爱⌒轻易说出口 提交于 2019-12-03 22:07:14

Routing is normally used for the portion of the URL after the domain/port. As long as you have your host configured to let Web API handle requests for a domain, you should be able to route URLs within that domain.

If you do want routing to be domain-specific (such as only have requests to the api.mydomain.com domain handled by a certain route), you can use a custom route constraint.
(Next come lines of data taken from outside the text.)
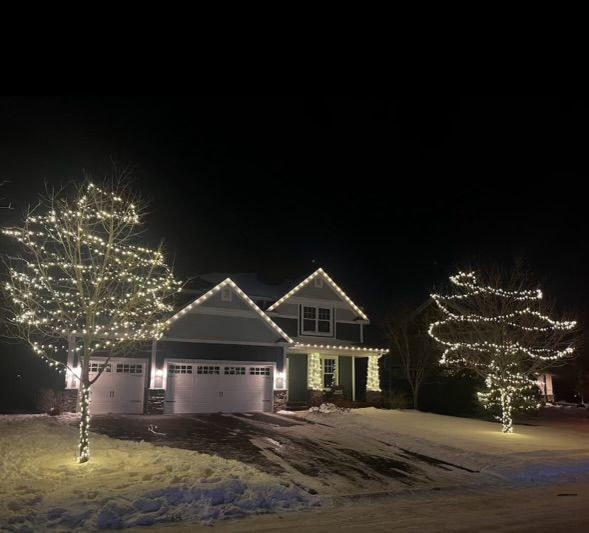 A house is lit up with Christmas lights.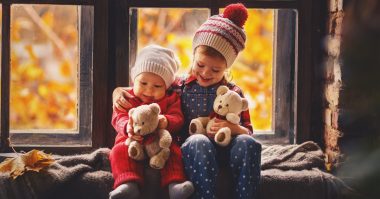 girl with her baby brother holding teddy bear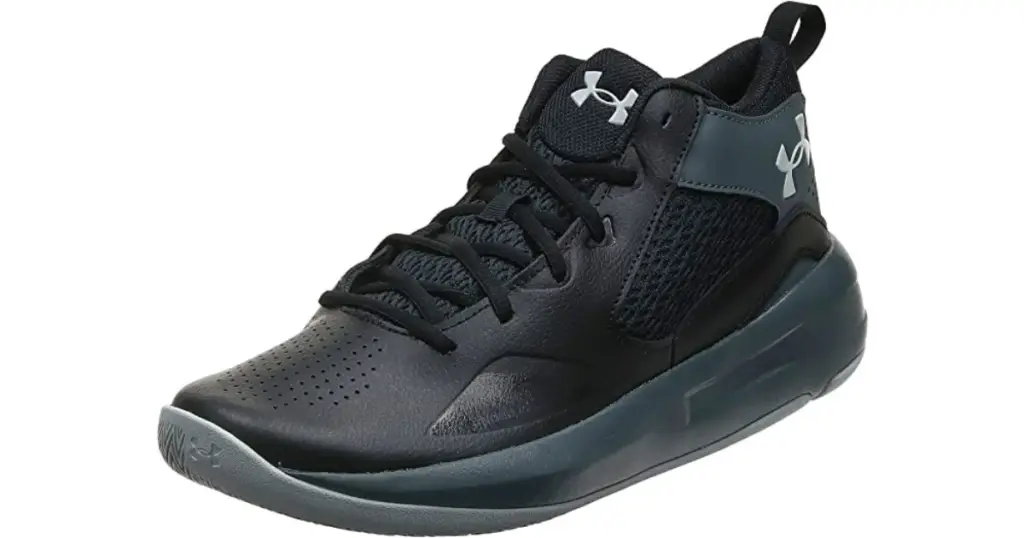 The Under Armour Lockdown shoe in profile, all black (top to bottom and interior) with white Under Armour logo on upper (front) and side.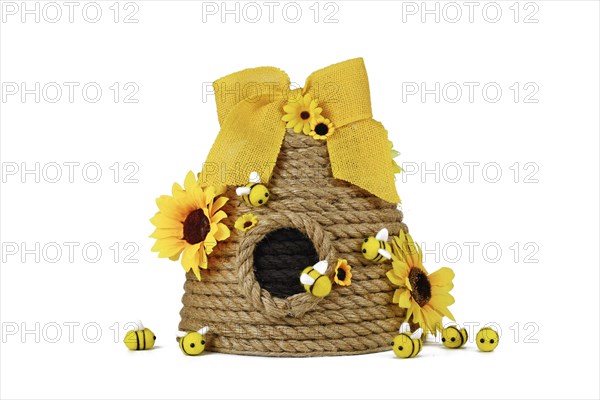 DIY rope beehive decoration with fake flowers, jute rope and cute felt bees on white background
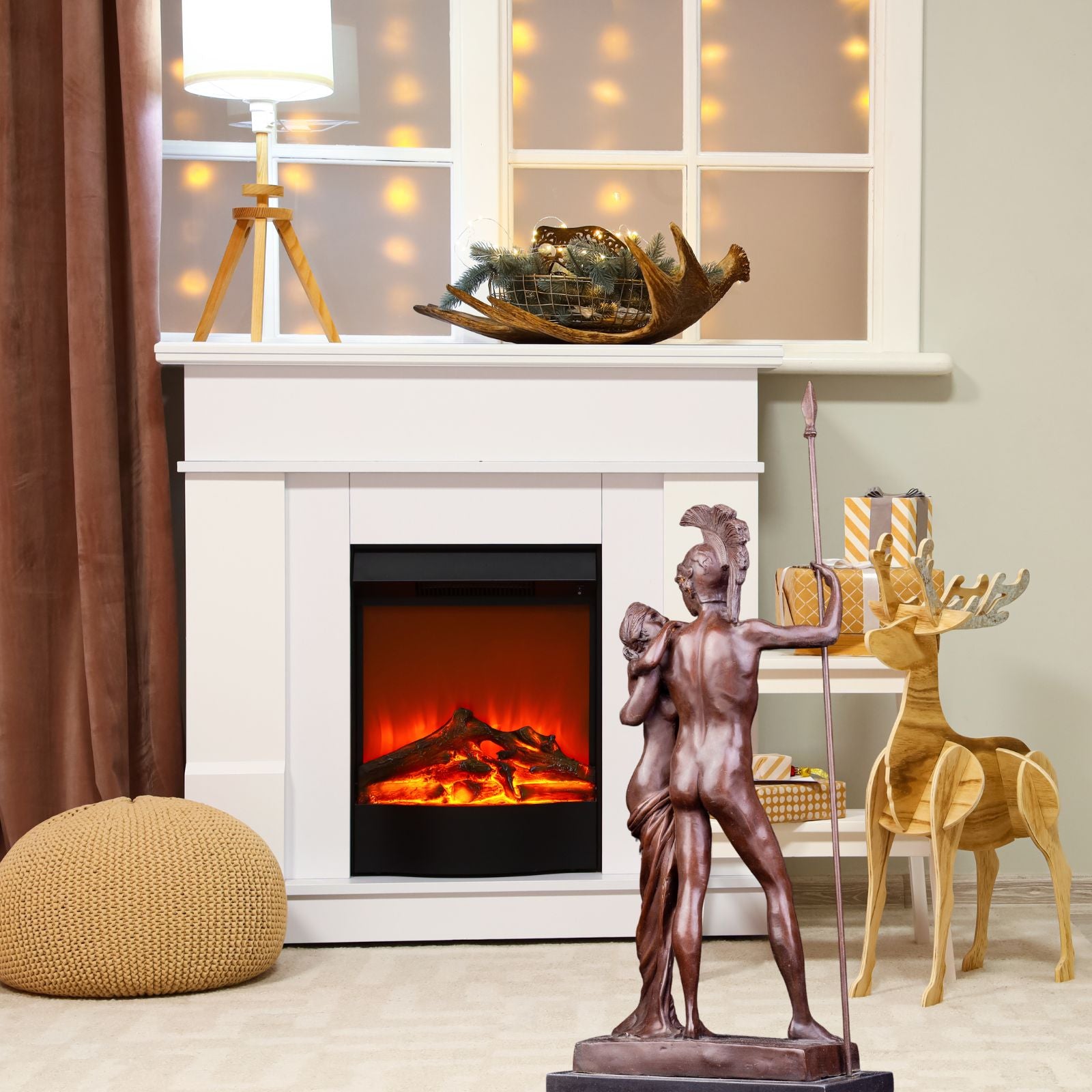 Bronze Ares and Aphrodite sculpture displayed beside fireplace in warm holiday interior setting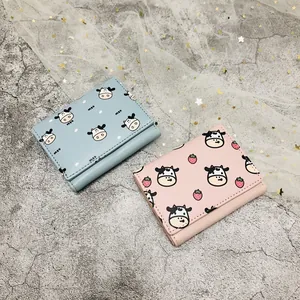 Cute three-fold mini wallets with charming cartoon cow and strawberry patterns in blue and pink.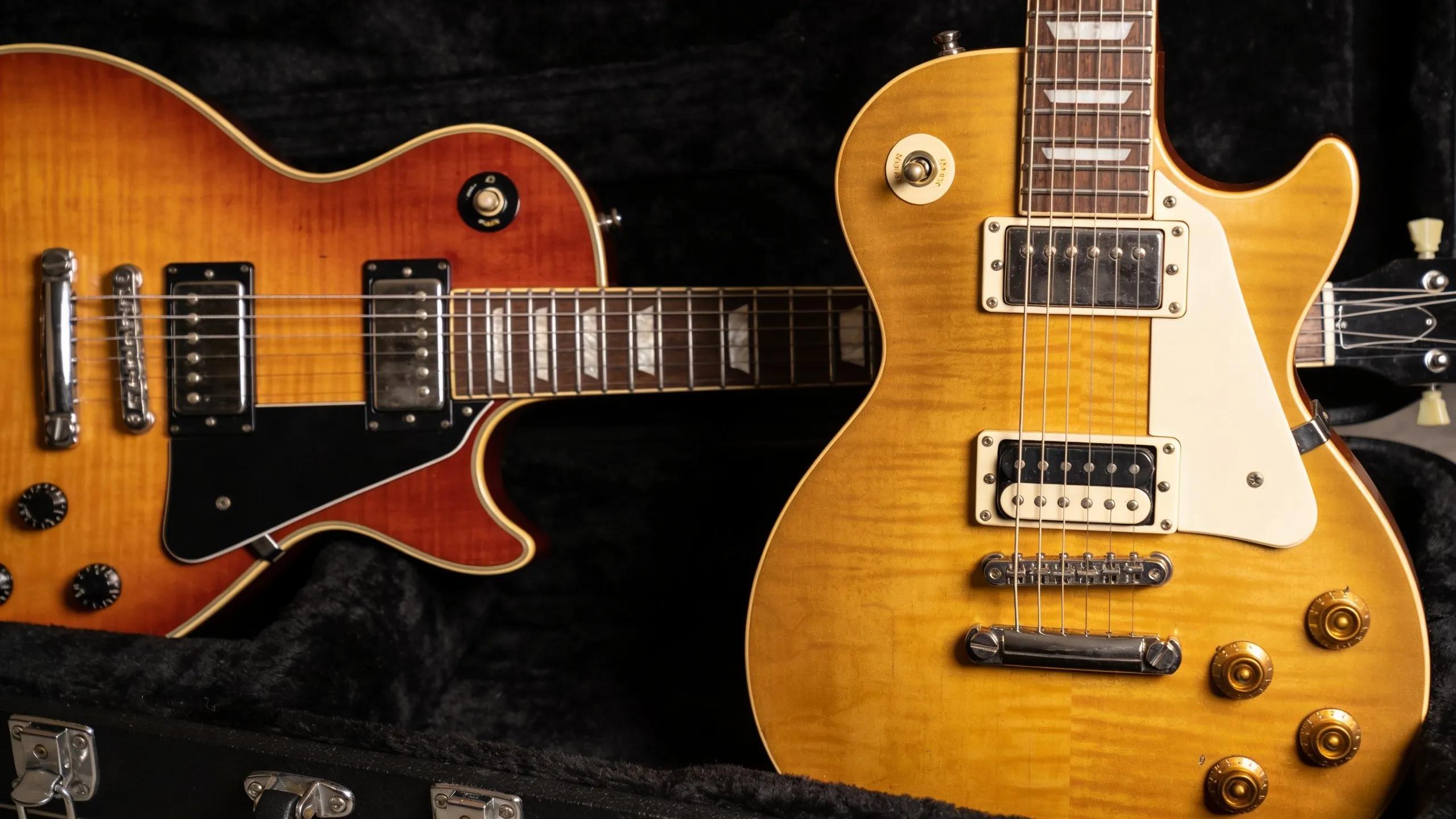 actual PRS Custom 24 and Gibson Les Paul electric guitars actual PRS Custom 24 and Gibson Les Paul electric guitars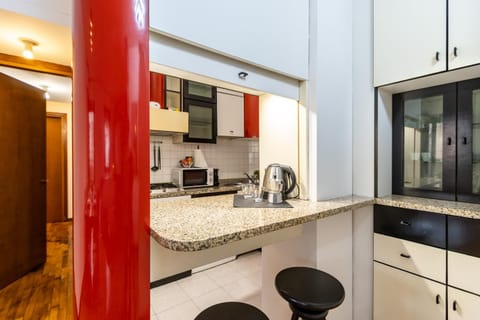 Coffee/tea facilities, dishwasher, furniture, microwave, oven, kitchen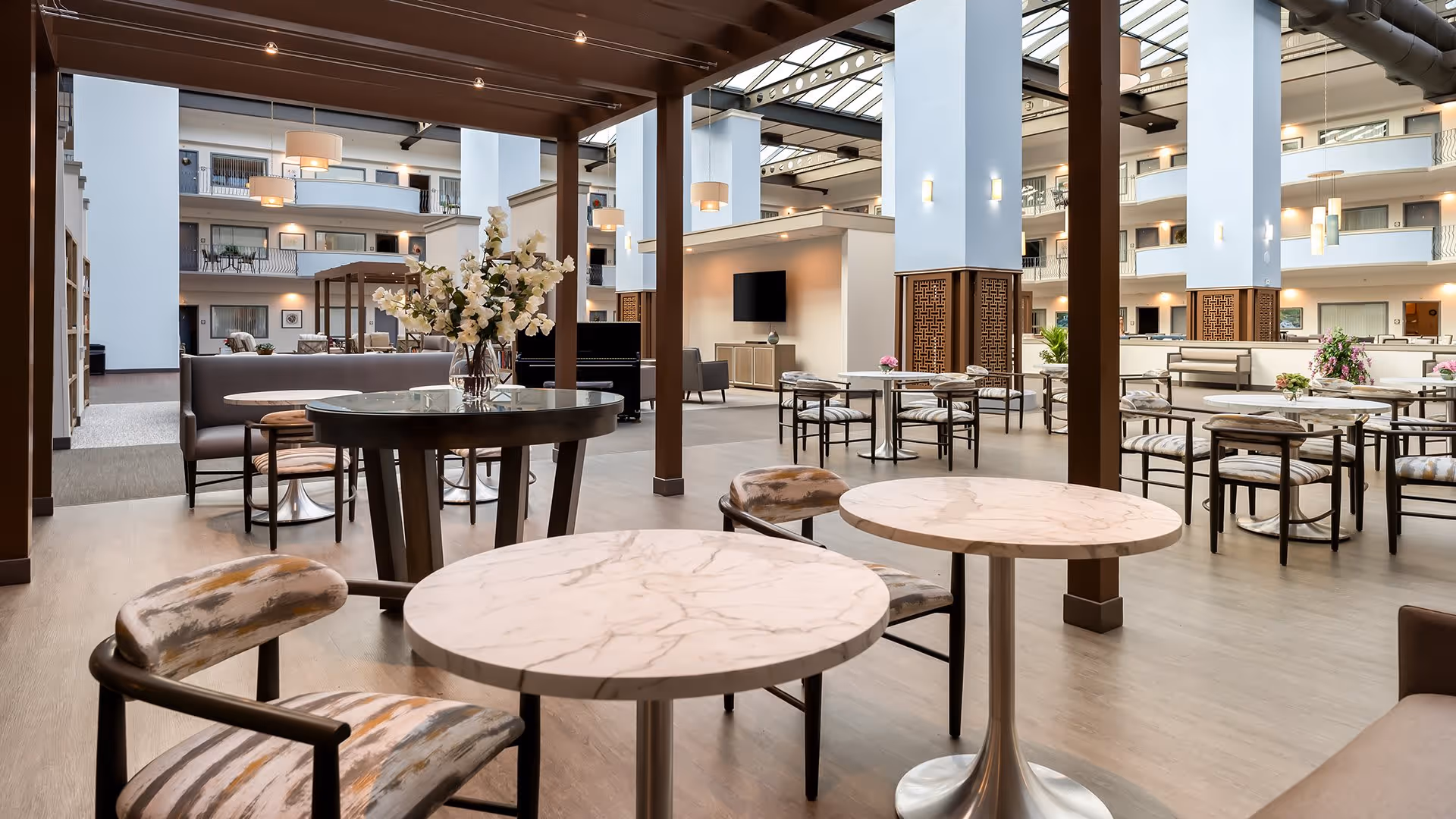 Spacious and modern common area in a senior living facility with multiple round marble tables and cushioned chairs arranged under a wooden pergola structure. The area is well-lit with natural light coming from a large glass ceiling, and there are additional seating areas and a TV in the background. The space has a clean, open design with light wood flooring and white walls accented by wooden columns.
To do that with attribute routing, I think you'd need to have:

First, The custom route constraint class itself. See http://www.asp.net/mvc/tutorials/controllers-and-routing/creating-a-custom-route-constraint-cs for an MVC domain example; the Web API interface is slightly different (http://msdn.microsoft.com/en-us/library/system.web.http.routing.ihttprouteconstraint(v=vs.108).aspx).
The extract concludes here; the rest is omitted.